▶ EXTRACTED RECORDS
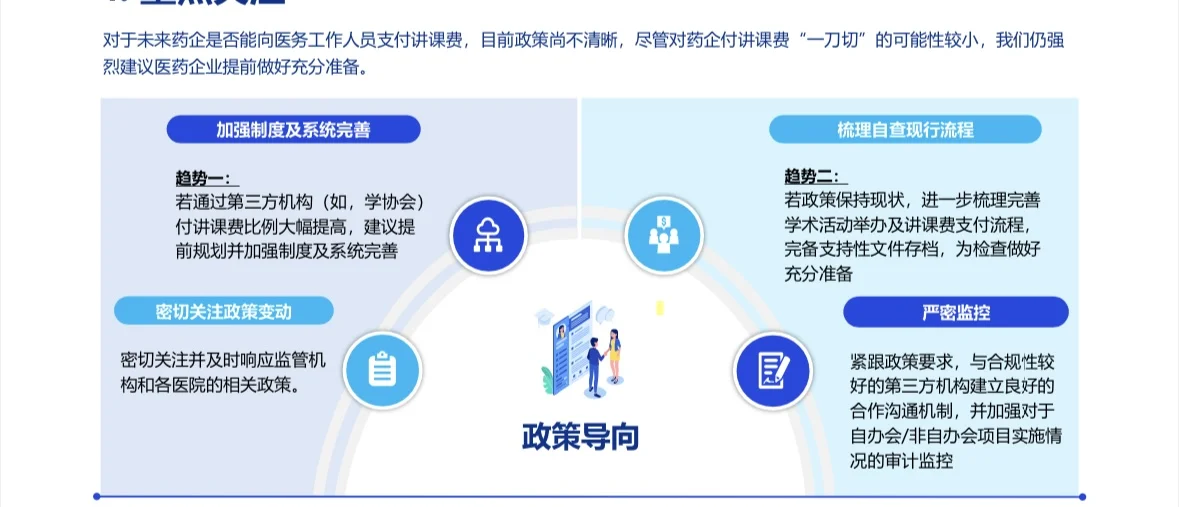 2024新形势下医疗行业合规应对策略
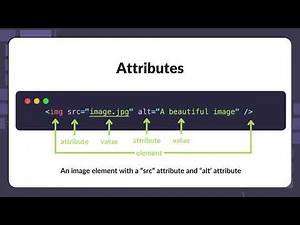 What are attributes and how do they work?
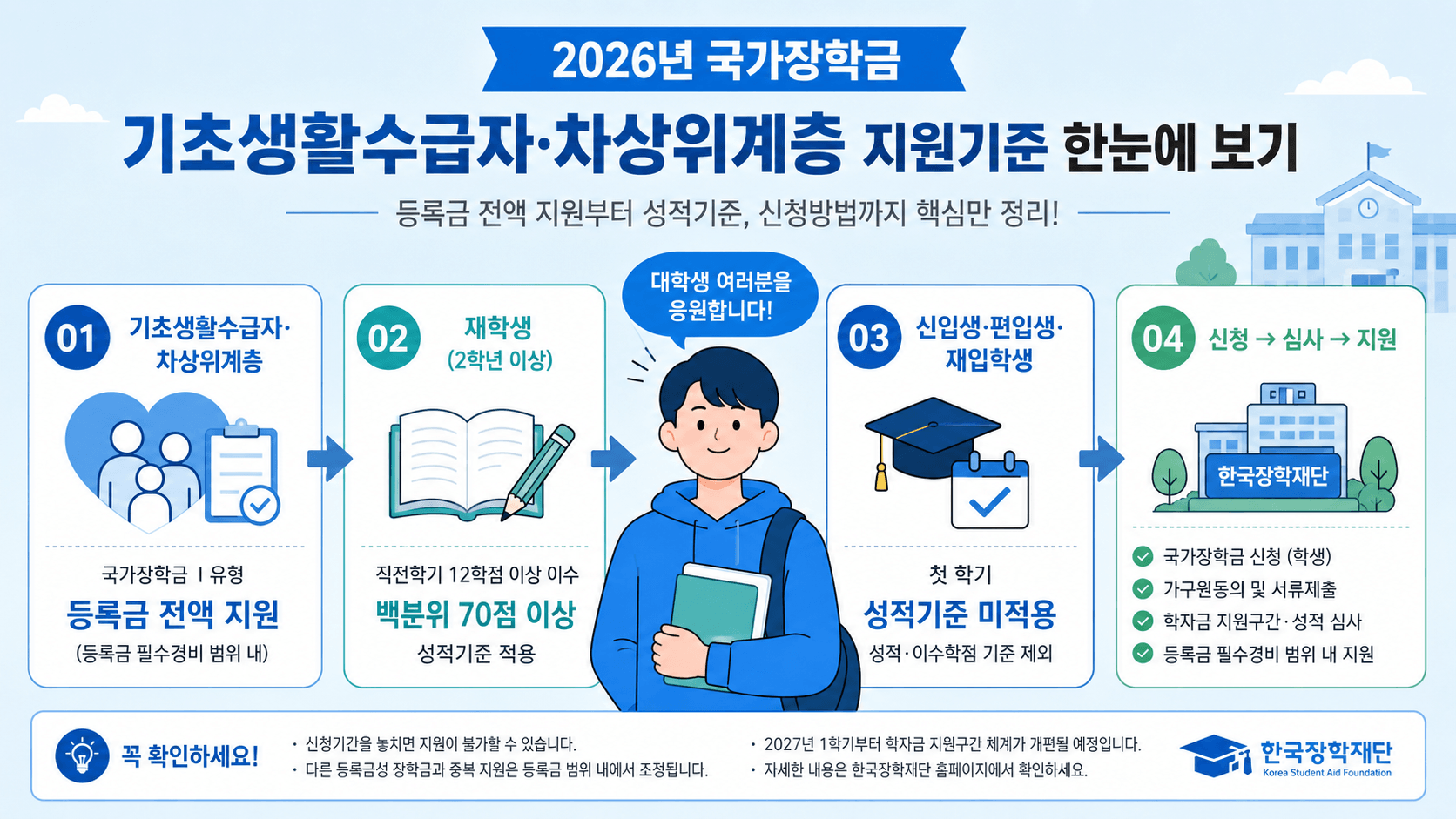 국가장학금 기초생활수급자 차상위 지원기준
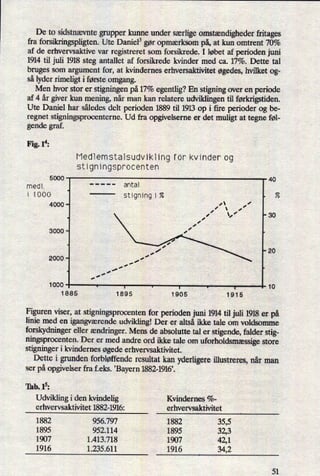 De to sidstnævnte grupper kunne under særligeomstændighederfritages
fra forsikringspligten.Ute Daniel3 gør opmærksom på,at kun omtrent 70%
af de erhvervsaktive var registreret som forsikrede. I løbet af perioden juni
1914 til juli 1918 steg antallet af forsikrede kvinder med ca. 17%. Dette tal
bruges som
argument for, at kvindernes erhversaktivitet øgedes,hvilket og-
så lyder rimeligt i første omgang.
Men hvor stor er stigningen på 17% egentlig? En stigning over en periode
af 4 år giver kun mening, når man kan relatere udviklingen til førkrigstiden.
Ute Daniel har således delt perioden 1889 til 1913 op i fire perioder og be-
regnet stigningsprocenterne. Ud fra opgivelserne er det muligt at tegne føl-
gende graf.
Fig. 14:
r1edlenistalsudvikling for kvinder og
stigningsprocenten
5000
medl
1 1000 stigning 1' %
4000
3000
2000
1000
1885 1895 1905 1915
Figuren viser, at stigningsprocenten for perioden juni 1914 til juli 1918 er på
linie med en igangværendeudvikling! Der er altså ikke tale om voldsomme
forskydningereller ændringer.Mens de absolutte tal er stigende, falder stig-
ningsprocenten. Der er med andre ord ikke tale om
uforholdsmæssigestore
stigninger i kvindernes øgede erhvervsaktivitet.
Dette i grunden forbløffende resultat kan yderligere illustreres, når man
ser på opgivelser fra f.eks. ,Bayern 1882-1916'.
'1111).15:
Udvikling i den kvindelig Kvindernes %-
erhvervsaktivitet 1882-1916: erhvervsaktivitet
1882 956.797 1882 35,5
1895 952.114 1895 32,3
1907 1.413.718 1907 42,1
1916 1.235.611 1916 34,2
51
 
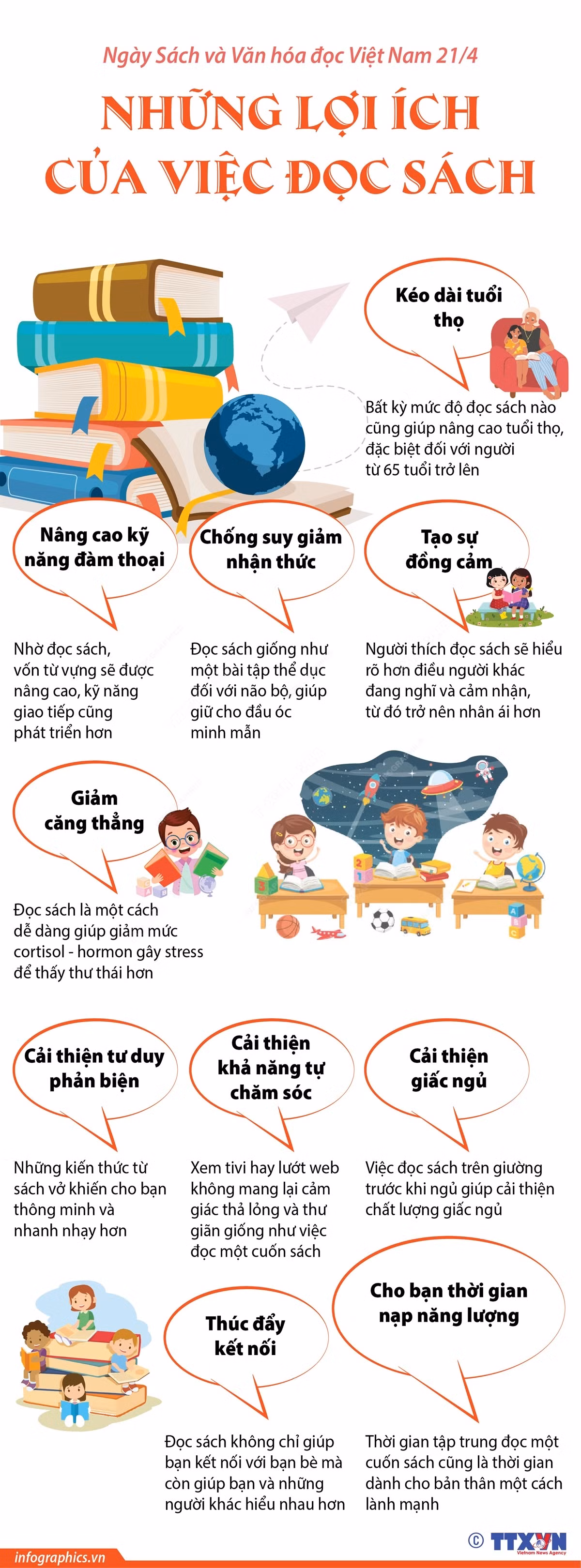 Ngày Sách và văn hóa đọc Việt Nam: Những lợi ích của việc đọc sách ảnh 1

▶ PROBLEM DETAILS
Repeat the records in full, exactly as they appear, without the pictures.

▶ ANSWER SECTION
 2024新形势下医疗行业合规应对策略
 What are attributes and how do they work?
 국가장학금 기초생활수급자 차상위 지원기준
 De to sidstnævnte grupper kunne under særligeomstændighederfritages
fra forsikringspligten.Ute Daniel3 gør opmærksom på,at kun omtrent 70%
af de erhvervsaktive var registreret som forsikrede. I løbet af perioden juni
1914 til juli 1918 steg antallet af forsikrede kvinder med ca. 17%. Dette tal
bruges som
argument for, at kvindernes erhversaktivitet øgedes,hvilket og-
så lyder rimeligt i første omgang.
Men hvor stor er stigningen på 17% egentlig? En stigning over en periode
af 4 år giver kun mening, når man kan relatere udviklingen til førkrigstiden.
Ute Daniel har således delt perioden 1889 til 1913 op i fire perioder og be-
regnet stigningsprocenterne. Ud fra opgivelserne er det muligt at tegne føl-
gende graf.
Fig. 14:
r1edlenistalsudvikling for kvinder og
stigningsprocenten
5000
medl
1 1000 stigning 1' %
4000
3000
2000
1000
1885 1895 1905 1915
Figuren viser, at stigningsprocenten for perioden juni 1914 til juli 1918 er på
linie med en igangværendeudvikling! Der er altså ikke tale om voldsomme
forskydningereller ændringer.Mens de absolutte tal er stigende, falder stig-
ningsprocenten. Der er med andre ord ikke tale om
uforholdsmæssigestore
stigninger i kvindernes øgede erhvervsaktivitet.
Dette i grunden forbløffende resultat kan yderligere illustreres, når man
ser på opgivelser fra f.eks. ,Bayern 1882-1916'.
'1111).15:
Udvikling i den kvindelig Kvindernes %-
erhvervsaktivitet 1882-1916: erhvervsaktivitet
1882 956.797 1882 35,5
1895 952.114 1895 32,3
1907 1.413.718 1907 42,1
1916 1.235.611 1916 34,2
51
 
 Ngày Sách và văn hóa đọc Việt Nam: Những lợi ích của việc đọc sách ảnh 1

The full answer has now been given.